## Goal of the exercise
After finding "Plaid thin long-sleeved shirt【s0000013202】" in a line below, print that line and the rest of the lines exactly, leaving out all pictures.
_ _ _
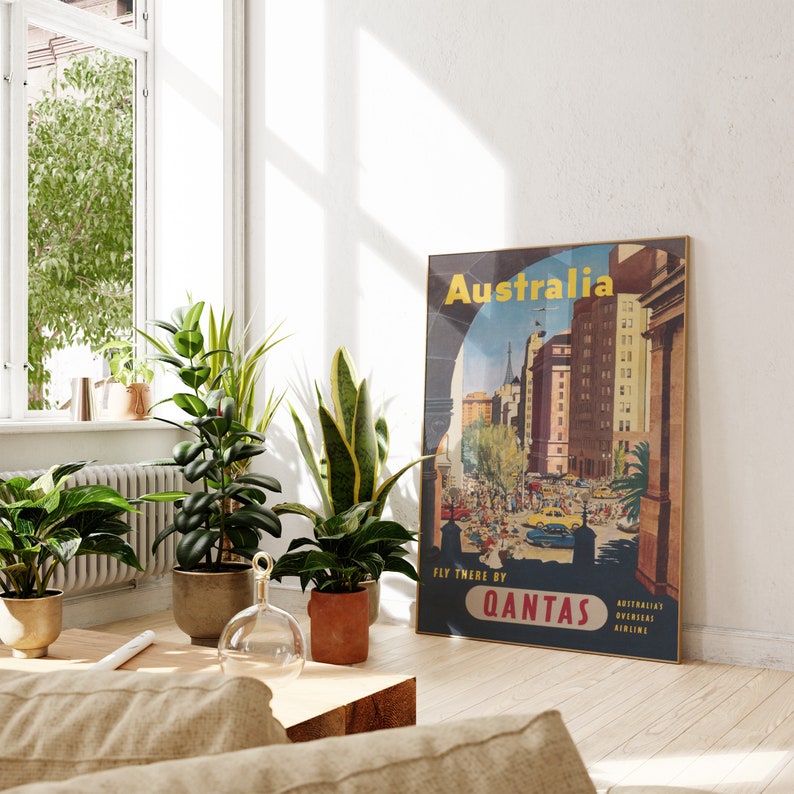 Sydney Australia Print Vintage Wall Art Australia Poster Etsy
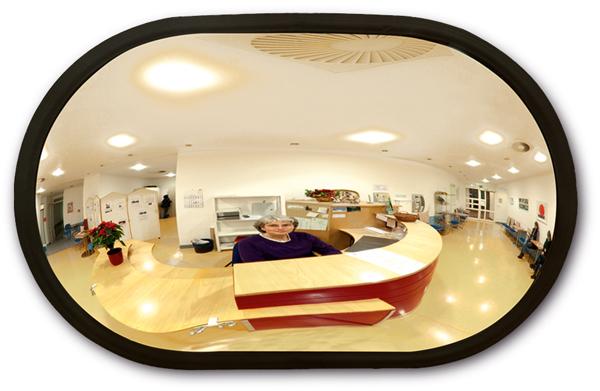 Raumspiegel Indoor - weites Blickfeld - für den Innenbereich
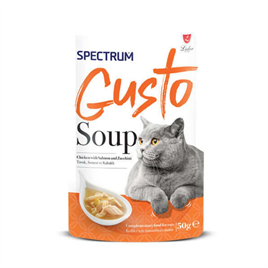 Spectrum Gusto Tavuk, Somon ve Kabaklı Kedi Çorbası 50gr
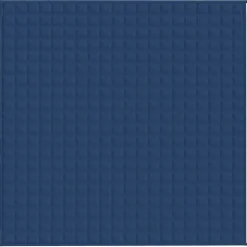 vidaXL Verzwaringsdeken 200x200 cm 13 kg stof blauw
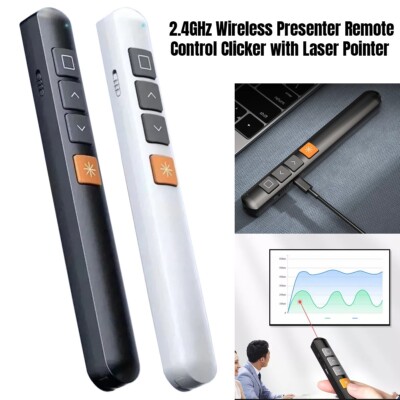 Universal 2,4 GHz Wireless Presenter Fernbedienung Clicker mit Laserpointer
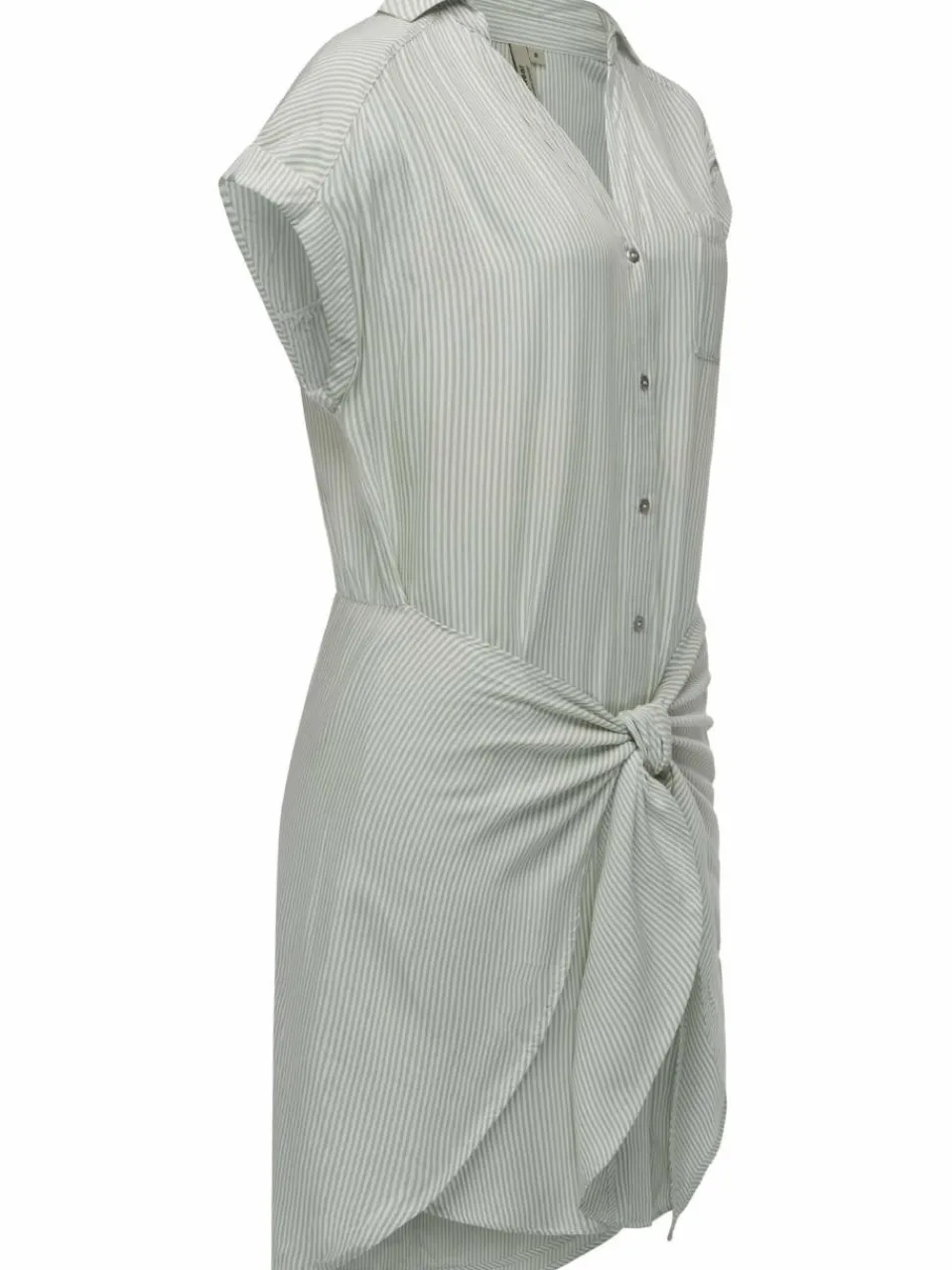 Ragwear Kleider<Damen Blusenkleid - Bahaya Stripe grün gestreift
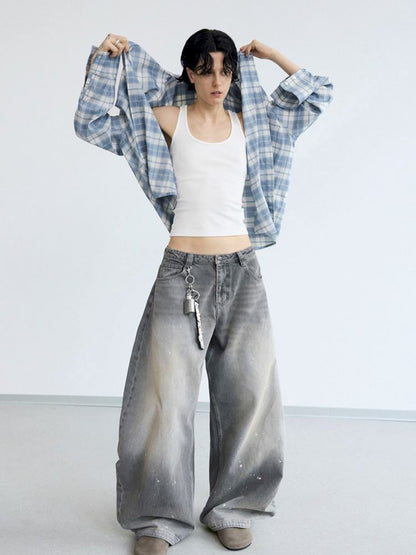 Plaid thin long-sleeved shirt【s0000013202】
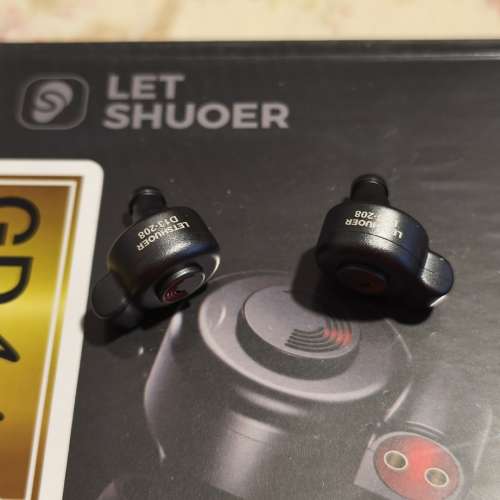 LETSHUOER鑠耳D13可換線入耳式監聽耳機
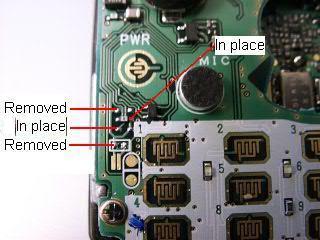 Kenwood TH F7E modifications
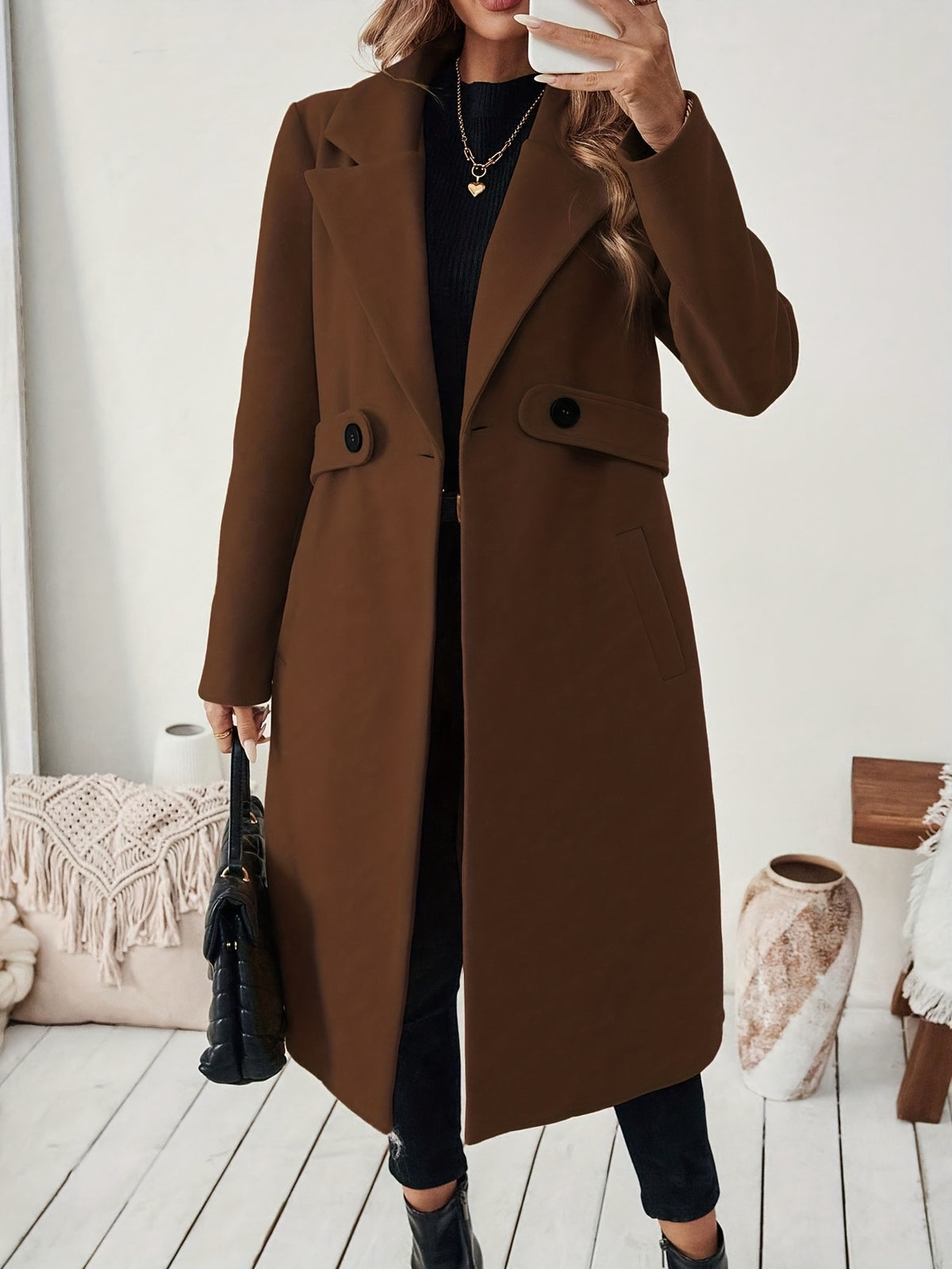 Héloïse™ Long Tailored Coat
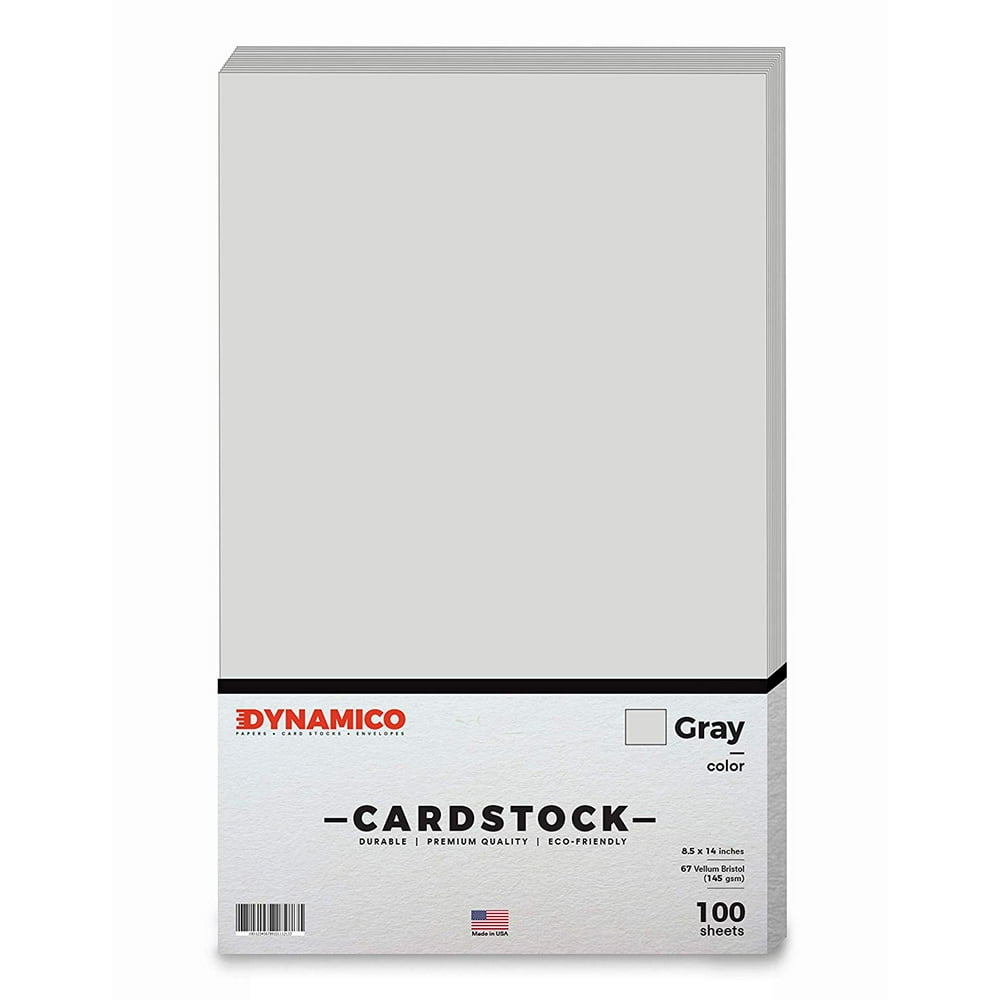 Gray 8.5 x 14" Pastel Color Cardstock Paper for Cards and Stationery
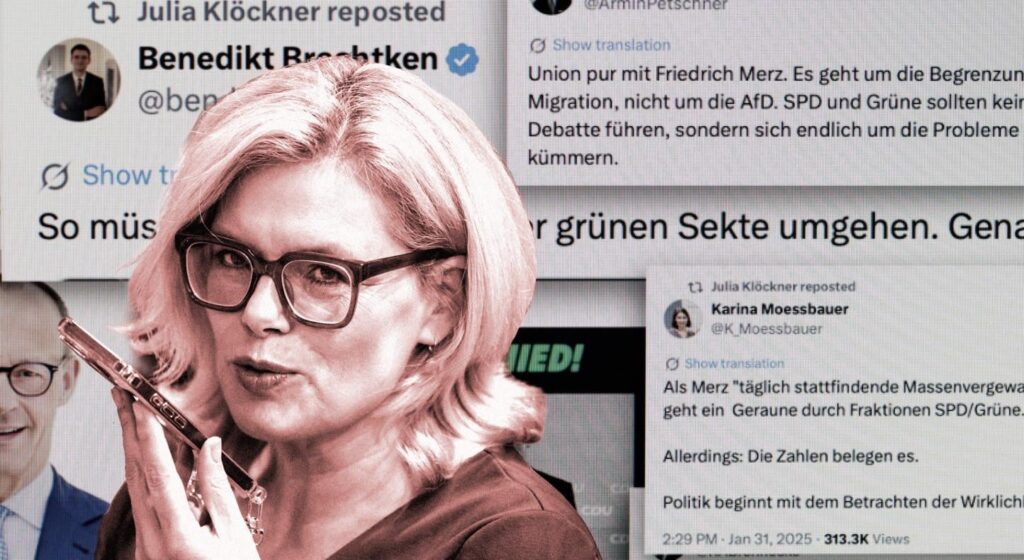 Klöckner klickt rechts
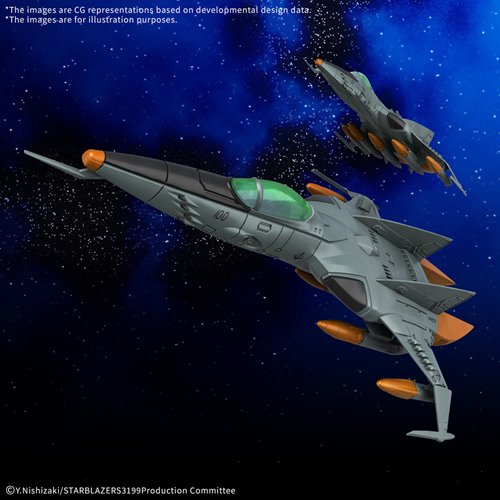 Be Forever Yamato: Rebel 3199 Type 1 Space Fighter Attack Craft Cosmo Tiger II Mecha Collection DX M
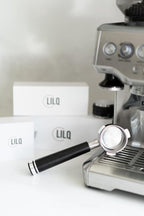 LILQ 54mm Naked Bottomless Portafilter Compatible with Breville Barista Express, Barista Pro, Bambino, and More – 18-20g basket included (Aluminum Flat, 54mm)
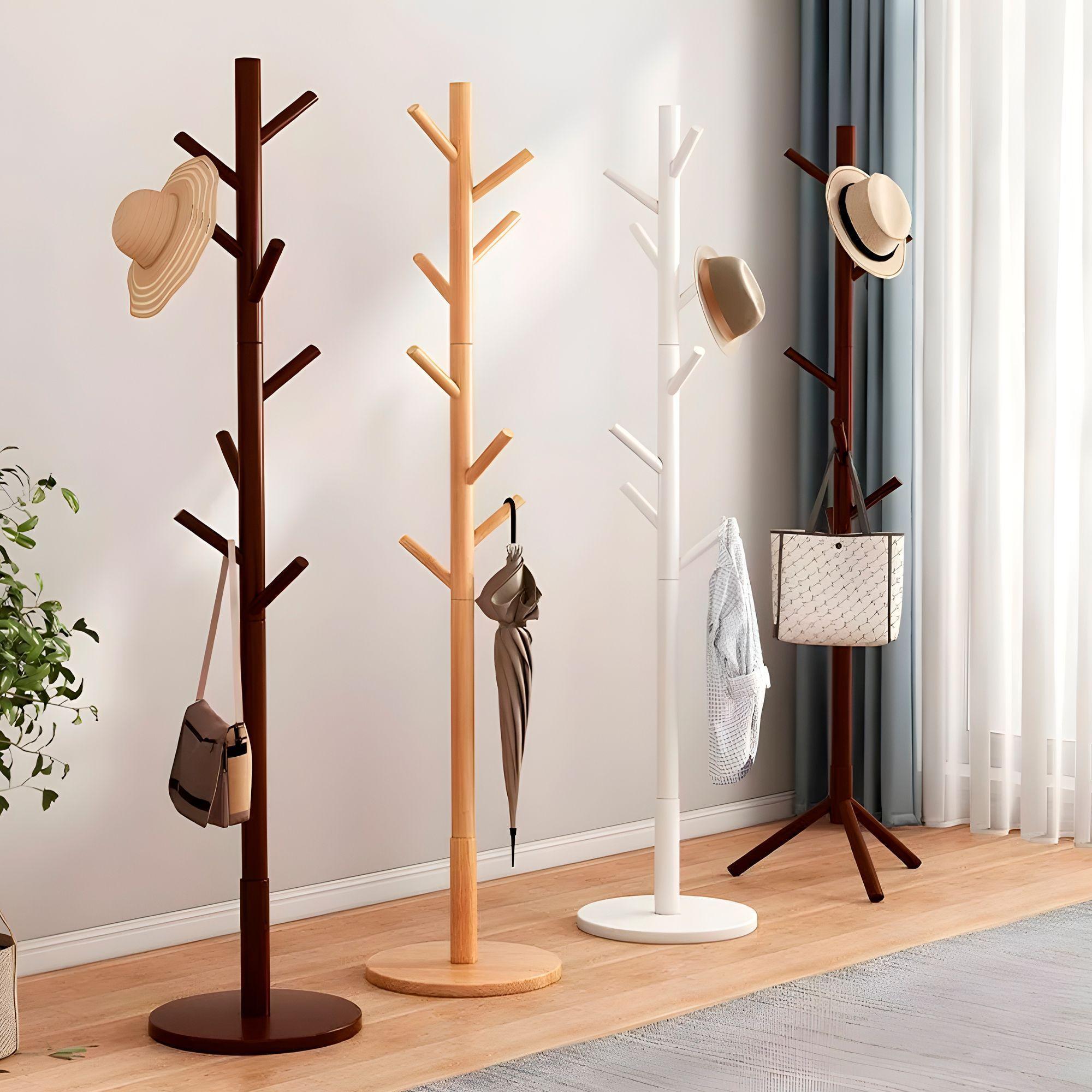 Perchero Colgador De Pie Metal Ropa Cilindrico 170x30 Cm-2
_ _ _
## Your response
 Plaid thin long-sleeved shirt【s0000013202】
 LETSHUOER鑠耳D13可換線入耳式監聽耳機
 Kenwood TH F7E modifications
 Héloïse™ Long Tailored Coat
 Gray 8.5 x 14" Pastel Color Cardstock Paper for Cards and Stationery
 Klöckner klickt rechts
 Be Forever Yamato: Rebel 3199 Type 1 Space Fighter Attack Craft Cosmo Tiger II Mecha Collection DX M
 LILQ 54mm Naked Bottomless Portafilter Compatible with Breville Barista Express, Barista Pro, Bambino, and More – 18-20g basket included (Aluminum Flat, 54mm)
 Perchero Colgador De Pie Metal Ropa Cilindrico 170x30 Cm-2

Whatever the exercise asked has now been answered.